_Exercise directions_. Write out the lines below exactly, beginning at the one with "Vintage black leather - black, and" and stopping after the one with "Screenshot of Anipang Merge"; the pictures are not copied.

_Records to process_.
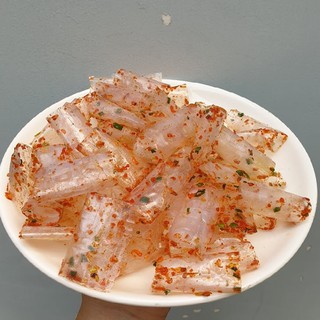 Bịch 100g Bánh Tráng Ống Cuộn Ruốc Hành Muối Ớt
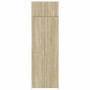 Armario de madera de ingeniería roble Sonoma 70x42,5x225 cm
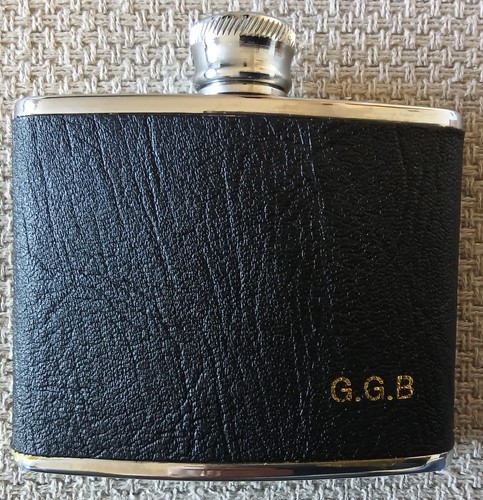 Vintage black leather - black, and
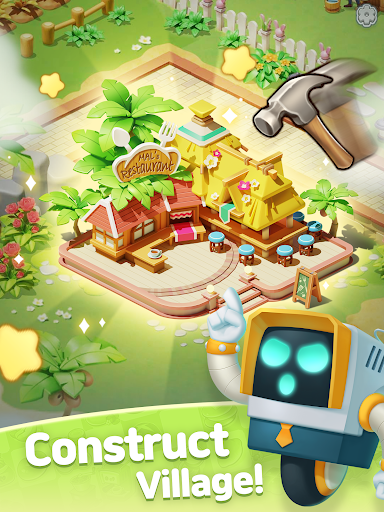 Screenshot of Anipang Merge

* * *

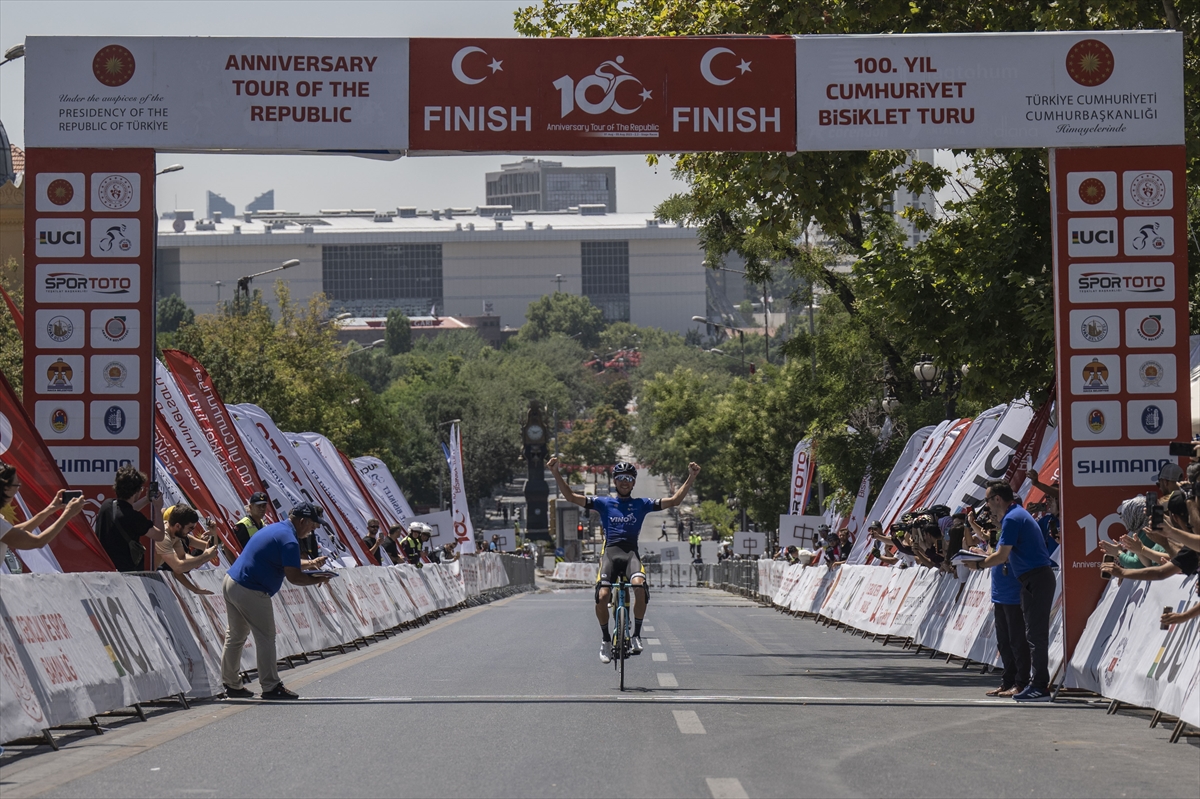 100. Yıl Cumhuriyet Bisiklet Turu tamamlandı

_The completed task_.
 Vintage black leather - black, and
 Screenshot of Anipang Merge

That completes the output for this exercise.